_TASK_
Each record below is to be reproduced without any change.
━━━ SOURCE MATERIAL
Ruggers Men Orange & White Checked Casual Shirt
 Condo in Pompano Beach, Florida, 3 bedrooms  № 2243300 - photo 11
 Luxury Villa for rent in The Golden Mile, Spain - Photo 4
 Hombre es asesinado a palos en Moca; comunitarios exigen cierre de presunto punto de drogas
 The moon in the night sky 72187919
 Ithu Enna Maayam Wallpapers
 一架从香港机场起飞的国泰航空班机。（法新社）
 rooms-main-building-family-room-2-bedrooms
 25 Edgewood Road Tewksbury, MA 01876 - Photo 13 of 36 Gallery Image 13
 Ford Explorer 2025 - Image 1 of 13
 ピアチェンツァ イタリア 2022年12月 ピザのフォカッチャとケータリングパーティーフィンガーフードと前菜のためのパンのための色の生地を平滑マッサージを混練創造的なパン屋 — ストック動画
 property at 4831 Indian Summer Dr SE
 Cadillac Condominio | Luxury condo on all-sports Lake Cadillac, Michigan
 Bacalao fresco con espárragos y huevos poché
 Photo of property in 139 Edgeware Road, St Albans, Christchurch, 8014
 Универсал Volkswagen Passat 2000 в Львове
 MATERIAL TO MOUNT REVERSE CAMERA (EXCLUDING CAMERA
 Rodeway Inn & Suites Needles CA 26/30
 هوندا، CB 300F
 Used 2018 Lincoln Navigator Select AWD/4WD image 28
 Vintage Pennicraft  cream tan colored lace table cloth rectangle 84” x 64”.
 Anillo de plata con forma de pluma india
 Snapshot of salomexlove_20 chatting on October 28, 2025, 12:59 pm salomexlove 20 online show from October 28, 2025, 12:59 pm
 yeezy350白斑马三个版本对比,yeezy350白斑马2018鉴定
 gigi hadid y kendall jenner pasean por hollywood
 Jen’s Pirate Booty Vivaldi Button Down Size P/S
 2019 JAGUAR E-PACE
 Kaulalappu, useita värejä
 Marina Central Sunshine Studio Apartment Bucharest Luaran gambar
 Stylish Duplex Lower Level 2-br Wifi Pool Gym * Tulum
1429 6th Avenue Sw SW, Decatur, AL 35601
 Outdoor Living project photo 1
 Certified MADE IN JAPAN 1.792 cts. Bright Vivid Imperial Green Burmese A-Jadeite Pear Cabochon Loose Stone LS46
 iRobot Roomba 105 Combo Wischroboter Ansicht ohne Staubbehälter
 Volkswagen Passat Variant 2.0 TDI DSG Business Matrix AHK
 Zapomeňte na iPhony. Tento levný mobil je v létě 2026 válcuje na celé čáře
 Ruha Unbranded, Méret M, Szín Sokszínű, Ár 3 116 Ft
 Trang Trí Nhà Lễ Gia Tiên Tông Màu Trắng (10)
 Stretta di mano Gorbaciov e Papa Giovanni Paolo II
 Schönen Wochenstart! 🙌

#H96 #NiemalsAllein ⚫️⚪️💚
━━━━━━
_ANSWER BOX_
Ruggers Men Orange & White Checked Casual Shirt
 Condo in Pompano Beach, Florida, 3 bedrooms  № 2243300 - photo 11
 Luxury Villa for rent in The Golden Mile, Spain - Photo 4
 Hombre es asesinado a palos en Moca; comunitarios exigen cierre de presunto punto de drogas
 The moon in the night sky 72187919
 Ithu Enna Maayam Wallpapers
 一架从香港机场起飞的国泰航空班机。（法新社）
 rooms-main-building-family-room-2-bedrooms
 25 Edgewood Road Tewksbury, MA 01876 - Photo 13 of 36 Gallery Image 13
 Ford Explorer 2025 - Image 1 of 13
 ピアチェンツァ イタリア 2022年12月 ピザのフォカッチャとケータリングパーティーフィンガーフードと前菜のためのパンのための色の生地を平滑マッサージを混練創造的なパン屋 — ストック動画
 property at 4831 Indian Summer Dr SE
 Cadillac Condominio | Luxury condo on all-sports Lake Cadillac, Michigan
 Bacalao fresco con espárragos y huevos poché
 Photo of property in 139 Edgeware Road, St Albans, Christchurch, 8014
 Универсал Volkswagen Passat 2000 в Львове
 MATERIAL TO MOUNT REVERSE CAMERA (EXCLUDING CAMERA
 Rodeway Inn & Suites Needles CA 26/30
 هوندا، CB 300F
 Used 2018 Lincoln Navigator Select AWD/4WD image 28
 Vintage Pennicraft  cream tan colored lace table cloth rectangle 84” x 64”.
 Anillo de plata con forma de pluma india
 Snapshot of salomexlove_20 chatting on October 28, 2025, 12:59 pm salomexlove 20 online show from October 28, 2025, 12:59 pm
 yeezy350白斑马三个版本对比,yeezy350白斑马2018鉴定
 gigi hadid y kendall jenner pasean por hollywood
 Jen’s Pirate Booty Vivaldi Button Down Size P/S
 2019 JAGUAR E-PACE
 Kaulalappu, useita värejä
 Marina Central Sunshine Studio Apartment Bucharest Luaran gambar
 Stylish Duplex Lower Level 2-br Wifi Pool Gym * Tulum
1429 6th Avenue Sw SW, Decatur, AL 35601
 Outdoor Living project photo 1
 Certified MADE IN JAPAN 1.792 cts. Bright Vivid Imperial Green Burmese A-Jadeite Pear Cabochon Loose Stone LS46
 iRobot Roomba 105 Combo Wischroboter Ansicht ohne Staubbehälter
 Volkswagen Passat Variant 2.0 TDI DSG Business Matrix AHK
 Zapomeňte na iPhony. Tento levný mobil je v létě 2026 válcuje na celé čáře
 Ruha Unbranded, Méret M, Szín Sokszínű, Ár 3 116 Ft
 Trang Trí Nhà Lễ Gia Tiên Tông Màu Trắng (10)
 Stretta di mano Gorbaciov e Papa Giovanni Paolo II
 Schönen Wochenstart! 🙌

#H96 #NiemalsAllein ⚫️⚪️💚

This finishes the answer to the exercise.